Dziś mieliśmy okazję odwiedzić Katowice i klinikę Gyncentrum, w której na koszt naszego pięknego Państwa przeprowadzono nam badania prenatalne. Powiem Wam, że doznania kosmiczne, głównie dlatego, że ta mała osóbka znajdująca się w ciele mojej żony wygląda jak kosmita 😉
W trakcie badań lekarz (z tego co pamiętam nie doktor) skorzystał ze swojej superanckiej wiedzy i wypasionego sprzętu, aby z bliska pokazać nam maleństwo. Maleństwo, które wierciło się jak wściekłe, odwracało tyłem lub bokiem i za nic w świecie nie chciało pokazać swojego krocza, aby stwierdzić jaka jest jego/jej płeć. Nie to jednak w badaniach prenatalnych jest najważniejsze.

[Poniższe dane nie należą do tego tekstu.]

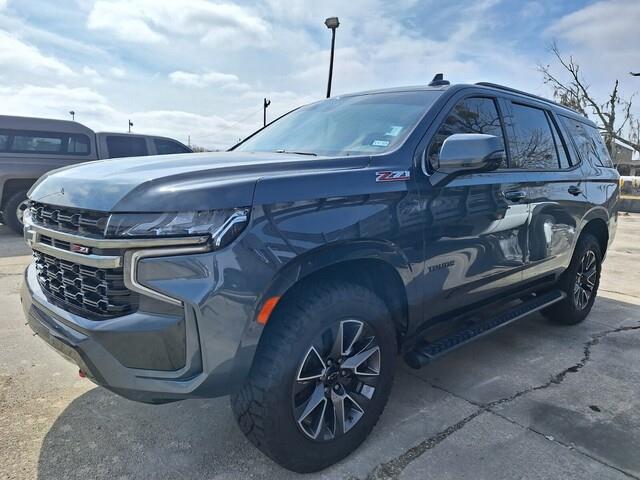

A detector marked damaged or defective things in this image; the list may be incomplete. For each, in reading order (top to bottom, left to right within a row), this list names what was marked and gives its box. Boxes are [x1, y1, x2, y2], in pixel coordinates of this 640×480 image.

crack in pavement [364, 322, 640, 480]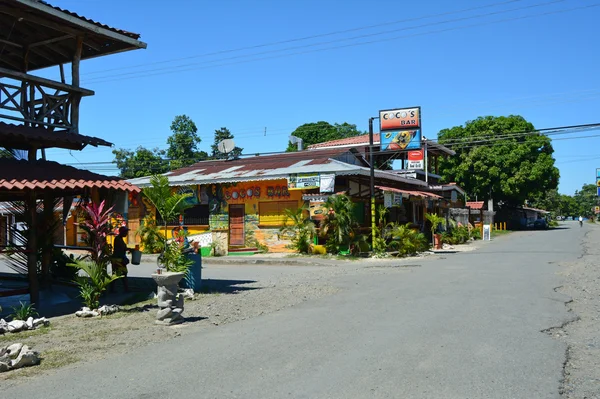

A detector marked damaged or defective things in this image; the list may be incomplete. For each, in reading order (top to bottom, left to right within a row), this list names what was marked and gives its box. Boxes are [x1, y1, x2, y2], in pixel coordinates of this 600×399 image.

rusty metal roof [0, 122, 112, 151]
rusty metal roof [0, 161, 139, 195]
rusty metal roof [129, 148, 428, 189]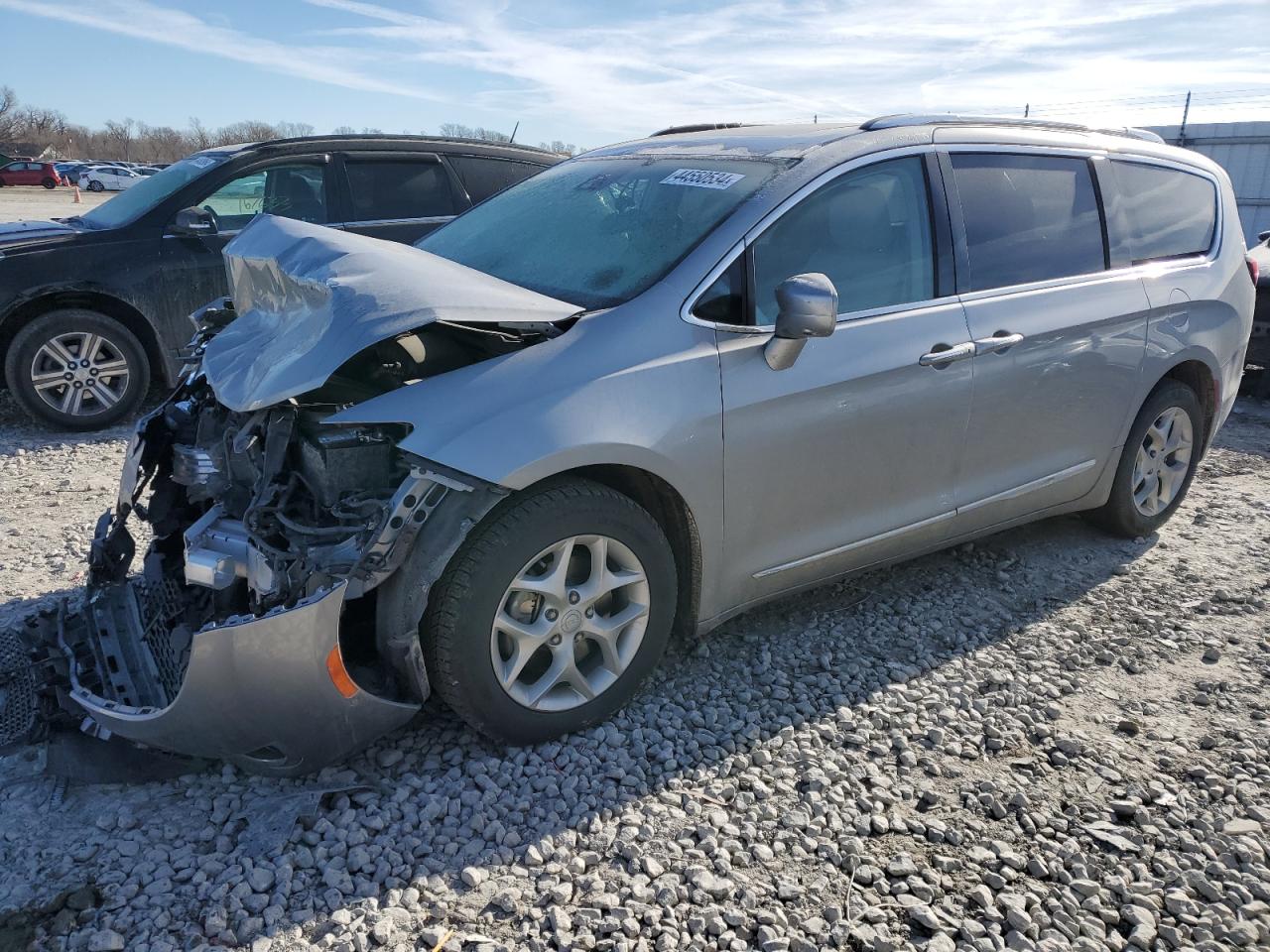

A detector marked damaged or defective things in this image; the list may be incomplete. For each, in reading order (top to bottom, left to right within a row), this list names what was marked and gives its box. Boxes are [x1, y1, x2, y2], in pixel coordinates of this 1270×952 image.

crumpled hood [200, 215, 578, 414]
damaged front end [5, 214, 581, 776]
detached front bumper [63, 581, 416, 776]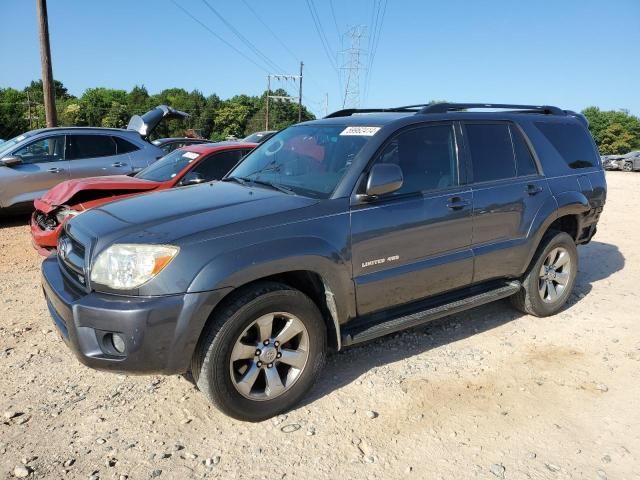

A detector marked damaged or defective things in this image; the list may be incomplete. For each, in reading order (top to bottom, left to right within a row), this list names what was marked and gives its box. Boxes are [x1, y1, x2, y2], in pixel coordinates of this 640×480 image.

damaged red car [29, 142, 255, 255]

Badania prenatalne robi się bowiem po to, aby w jak największym stopniu wykluczyć możliwe choroby genetyczne. Specjalista bada każdą kolejną część ciała dziecka, a nawet jego organy, aby stwierdzić czy którykolwiek z parametrów sygnalizuje, że może wystąpić podejrzenie np. zespołu Downa.
U nas na całe szczęście takich podejrzeń nie ma. Będziemy czekać jeszcze na wyniki badania krwi, ale jesteśmy przekonani, że będą dla nas pozytywne.
Jeśli zastanawiacie się czy warto zrobić badania prenatalne, to odpowiem jednym słowem: tak. Na dzień dzisiejszy nie widzę innej opcji. Przecież ewentualne wcześniejsze wykrycie choroby może pomóc w jej leczeniu lub po prostu w przygotowaniu się na życie z chorym dzieckiem, które potrzebuje wyjątkowej troski.